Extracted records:
+-------+
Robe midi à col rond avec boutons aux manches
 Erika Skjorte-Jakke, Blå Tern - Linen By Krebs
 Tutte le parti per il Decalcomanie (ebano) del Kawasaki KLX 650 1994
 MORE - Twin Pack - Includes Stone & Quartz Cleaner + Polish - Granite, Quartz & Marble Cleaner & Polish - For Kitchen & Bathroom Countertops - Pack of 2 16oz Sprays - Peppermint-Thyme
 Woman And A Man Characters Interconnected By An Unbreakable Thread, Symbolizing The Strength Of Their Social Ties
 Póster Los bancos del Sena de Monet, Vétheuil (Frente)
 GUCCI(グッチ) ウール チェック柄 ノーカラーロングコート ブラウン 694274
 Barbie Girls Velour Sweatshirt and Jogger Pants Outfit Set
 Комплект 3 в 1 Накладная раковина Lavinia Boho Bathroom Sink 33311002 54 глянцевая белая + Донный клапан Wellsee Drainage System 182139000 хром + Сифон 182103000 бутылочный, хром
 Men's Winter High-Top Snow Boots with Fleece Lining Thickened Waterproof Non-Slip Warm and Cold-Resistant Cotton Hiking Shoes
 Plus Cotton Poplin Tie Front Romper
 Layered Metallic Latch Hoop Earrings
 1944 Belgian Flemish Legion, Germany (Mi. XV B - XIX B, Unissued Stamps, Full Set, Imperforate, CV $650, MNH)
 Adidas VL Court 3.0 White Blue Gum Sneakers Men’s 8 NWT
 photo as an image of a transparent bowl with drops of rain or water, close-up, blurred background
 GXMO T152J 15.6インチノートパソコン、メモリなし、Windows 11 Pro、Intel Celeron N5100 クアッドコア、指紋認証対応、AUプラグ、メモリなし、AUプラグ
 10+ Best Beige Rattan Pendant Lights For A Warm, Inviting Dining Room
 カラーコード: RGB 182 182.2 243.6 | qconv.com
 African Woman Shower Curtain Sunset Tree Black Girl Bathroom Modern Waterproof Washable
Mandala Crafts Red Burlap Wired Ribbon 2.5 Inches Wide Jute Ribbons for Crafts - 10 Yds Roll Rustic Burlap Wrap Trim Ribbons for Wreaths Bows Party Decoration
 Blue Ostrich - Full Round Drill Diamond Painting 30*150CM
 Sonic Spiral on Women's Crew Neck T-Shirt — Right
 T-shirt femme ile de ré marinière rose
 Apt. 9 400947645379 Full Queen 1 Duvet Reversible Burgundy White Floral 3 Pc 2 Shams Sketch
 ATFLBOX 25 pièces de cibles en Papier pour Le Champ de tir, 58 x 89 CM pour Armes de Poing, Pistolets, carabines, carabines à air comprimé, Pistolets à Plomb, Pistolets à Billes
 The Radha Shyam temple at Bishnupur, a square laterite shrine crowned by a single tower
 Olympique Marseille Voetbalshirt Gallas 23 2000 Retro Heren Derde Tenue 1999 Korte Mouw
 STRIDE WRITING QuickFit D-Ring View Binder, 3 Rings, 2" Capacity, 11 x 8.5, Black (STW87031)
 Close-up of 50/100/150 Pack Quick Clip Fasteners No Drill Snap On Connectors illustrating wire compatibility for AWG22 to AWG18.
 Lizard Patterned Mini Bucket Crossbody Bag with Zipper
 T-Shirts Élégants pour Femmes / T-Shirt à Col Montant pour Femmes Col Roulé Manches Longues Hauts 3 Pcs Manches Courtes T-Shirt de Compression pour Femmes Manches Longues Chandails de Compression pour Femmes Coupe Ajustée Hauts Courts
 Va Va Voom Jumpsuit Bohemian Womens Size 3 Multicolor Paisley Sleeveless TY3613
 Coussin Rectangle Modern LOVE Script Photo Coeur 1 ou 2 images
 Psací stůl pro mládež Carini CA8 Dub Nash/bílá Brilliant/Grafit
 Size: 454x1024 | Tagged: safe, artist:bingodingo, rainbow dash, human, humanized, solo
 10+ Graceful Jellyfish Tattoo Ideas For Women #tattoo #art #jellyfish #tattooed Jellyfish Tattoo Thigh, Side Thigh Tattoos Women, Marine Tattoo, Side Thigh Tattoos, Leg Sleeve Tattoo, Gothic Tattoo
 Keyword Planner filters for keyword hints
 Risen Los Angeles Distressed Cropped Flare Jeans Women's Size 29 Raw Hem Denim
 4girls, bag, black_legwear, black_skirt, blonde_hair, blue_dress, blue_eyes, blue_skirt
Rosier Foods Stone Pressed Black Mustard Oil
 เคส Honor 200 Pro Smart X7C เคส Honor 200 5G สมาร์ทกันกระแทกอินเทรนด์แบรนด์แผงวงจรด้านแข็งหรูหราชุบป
+-------+
_The problem_
If a line of the data contains "with", copy it out.

_Your response_
 Men's Winter High-Top Snow Boots with Fleece Lining Thickened Waterproof Non-Slip Warm and Cold-Resistant Cotton Hiking Shoes
 photo as an image of a transparent bowl with drops of rain or water, close-up, blurred background
 Lizard Patterned Mini Bucket Crossbody Bag with Zipper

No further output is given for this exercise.